Bu sayıda özel bir anmayı ve selamı Istvan Mészáros’a ayırdık. Mészáros’u 1 Ekim 2017’de kaybettik. Mészáros ardında yabancılaşma, felsefe, sanat, diyalektik, sermaye ve devlet gibi konular üzerinde çok önemli bir birikim bıraktı. Mészáros’un, Macaristan’da Lukacs’ın asistanı olarak başlayan akademik çalışmaları, Macaristan’dan ayrılmak zorunda kalmasıyla İngiltere’de devam eder. Kısa bir süre İtalya ve Kanada’daki üniversitelerde de çalışır. 1970’de yayınladığı Marx’ın Yabancılaşma Teorisi (Marx’s Theory of Alienation) Marksist gelenek içinde ya da Marksist gelenek hakkında en iyi ve en yenilikçi eser olarak kabul edildi ve Isaac Deutscher Ödülü’ne layık görüldü.

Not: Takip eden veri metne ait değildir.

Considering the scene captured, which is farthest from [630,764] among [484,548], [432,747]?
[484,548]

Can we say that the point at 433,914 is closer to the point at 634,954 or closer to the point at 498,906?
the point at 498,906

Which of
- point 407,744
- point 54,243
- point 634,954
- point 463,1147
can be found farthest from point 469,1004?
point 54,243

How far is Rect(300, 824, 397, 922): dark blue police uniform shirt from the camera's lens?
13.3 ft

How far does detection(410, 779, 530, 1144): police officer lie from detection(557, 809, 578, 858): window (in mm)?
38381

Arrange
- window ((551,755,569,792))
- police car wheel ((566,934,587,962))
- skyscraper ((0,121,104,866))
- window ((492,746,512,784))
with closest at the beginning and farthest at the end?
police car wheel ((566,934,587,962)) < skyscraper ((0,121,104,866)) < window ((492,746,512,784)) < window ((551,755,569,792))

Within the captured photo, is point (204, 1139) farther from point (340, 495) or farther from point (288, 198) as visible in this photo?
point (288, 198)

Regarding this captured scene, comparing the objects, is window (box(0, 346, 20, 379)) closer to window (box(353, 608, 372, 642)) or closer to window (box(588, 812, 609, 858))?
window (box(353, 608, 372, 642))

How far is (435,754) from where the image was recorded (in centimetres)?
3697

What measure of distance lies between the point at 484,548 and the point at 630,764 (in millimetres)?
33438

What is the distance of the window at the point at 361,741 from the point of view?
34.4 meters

1995 yılında magnus opus’u olarak bilinen Kapital’in Ötesinde: Geçiş Teorisine Doğru (Beyond Capital: Toward a Theory of Transition) yayınlanır. Bu eseri üzerine Hugo Chavez, Mészáros “önümüzdeki yolu aydınlatıyor. Dünya genelinde sosyalizme doğru ele almamız gereken temel argümanlara işaret ediyor. O, yirmi birinci yüzyılın kaşifidir” diyecektir. Sosyalizmin mümkün olduğu tezini 1990’lı ve 2000’li yıllardaki çalışmalarında da geliştirir. Ya Sosyalizm Ya Barbarlık: ‘Amerikan Yüzyılı’ndan Yol Ayrımı (Socialism or Barbarism: From the “American Century” to the Crossroads) böyle bir çabanın ürünüdür.

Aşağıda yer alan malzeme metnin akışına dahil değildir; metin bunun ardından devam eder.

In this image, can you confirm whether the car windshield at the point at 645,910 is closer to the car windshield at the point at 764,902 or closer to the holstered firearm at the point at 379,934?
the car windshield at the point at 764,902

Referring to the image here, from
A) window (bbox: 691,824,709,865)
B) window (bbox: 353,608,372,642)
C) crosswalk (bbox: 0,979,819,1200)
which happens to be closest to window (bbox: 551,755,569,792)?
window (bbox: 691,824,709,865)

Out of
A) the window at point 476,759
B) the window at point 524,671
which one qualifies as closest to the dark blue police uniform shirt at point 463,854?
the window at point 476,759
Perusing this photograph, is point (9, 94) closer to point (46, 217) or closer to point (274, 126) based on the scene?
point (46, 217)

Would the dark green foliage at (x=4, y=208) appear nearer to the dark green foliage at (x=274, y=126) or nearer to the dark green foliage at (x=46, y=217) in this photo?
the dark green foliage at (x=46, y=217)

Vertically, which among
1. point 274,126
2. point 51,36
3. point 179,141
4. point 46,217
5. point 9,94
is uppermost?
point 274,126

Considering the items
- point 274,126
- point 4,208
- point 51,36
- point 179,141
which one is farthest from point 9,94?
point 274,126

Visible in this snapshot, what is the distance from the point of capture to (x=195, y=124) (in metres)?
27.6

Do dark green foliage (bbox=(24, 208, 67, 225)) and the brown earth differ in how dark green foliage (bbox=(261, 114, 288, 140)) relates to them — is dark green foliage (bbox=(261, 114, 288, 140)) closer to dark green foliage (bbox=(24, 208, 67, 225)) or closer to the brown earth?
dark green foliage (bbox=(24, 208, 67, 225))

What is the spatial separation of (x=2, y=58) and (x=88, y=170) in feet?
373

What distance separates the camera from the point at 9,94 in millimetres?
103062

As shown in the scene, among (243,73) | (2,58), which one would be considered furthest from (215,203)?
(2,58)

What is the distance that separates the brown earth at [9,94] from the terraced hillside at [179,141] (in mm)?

Mészáros, 1990’lar sonrası, Monthly Review editörleri Harry Magdoff ve John Bellamy Foster’ın en değerli danışmanlarından ve derginin yazarlarından olacaktır. Mészáros, üç ayrı cilt olarak basılmasını düşündüğü Leviathan’ın Ötesinde çalışmasını tamamlayamadı. Bu çalışmanın bir alt başlığını Monthly Review’e yayınlanması için göndermişti. Bu sayımızda “Sermayenin Tarihsel Döngüsü Sona Eriyor” isimli bu altbölümü yayınlıyoruz. Ayrıca John Bellamy Foster’in Mészáros’un Toplumsal Denetimin Gerekliliği (The Necessity of Social Control) adlı kitabına yazdığı önsöze de yer veriyoruz.

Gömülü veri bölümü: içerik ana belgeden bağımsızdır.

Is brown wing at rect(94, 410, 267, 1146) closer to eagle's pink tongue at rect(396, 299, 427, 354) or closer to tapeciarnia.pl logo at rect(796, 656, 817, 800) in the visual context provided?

Bu sayıda Kronik bölümünde, AKP iktidarı döneminde emekçi sınıflar açısından yakıcı bir sorun haline gelen bölüşüm ilişkilerindeki adaletsizliğe odaklanıyoruz. Son yıllarda iç ve dış politikadaki gelişmelere paralel, makro ekonomik göstergelerin bozulması emekçi sınıfların gündelik yaşamlarını olumsuz etkilemektedir. Tedavi masraflarını karşılayamadığı için yaşamını yitiren kanser hastaları, uzun dönemli işsizlik ve borçluluk nedeniyle çıkış yolu bulamayan ve kendini yakarak yaşamını sonlandırmaya göze alan işçiler, bu derin sorunların görünür olduğu anlardır. “Geçinemiyoruz” şeklinde içerik kazanan eylemler, hayat pahalılığı, geçim sıkıntısı, işsizlik ve bu sorunların sınıfsal ve psikososyal görünümleridir. Kronik’te veriler ve olaylar üzerinden bu tabloyu gözler önüne sermeye çalıştık. Kronik bölümüne dergimizin editör yardımcılarıdan Kansu Yıldırım katkı sundu: “Geçinemiyoruz”: Dünyada ve Türkiye’de Sınıfsal Eşitsizlik.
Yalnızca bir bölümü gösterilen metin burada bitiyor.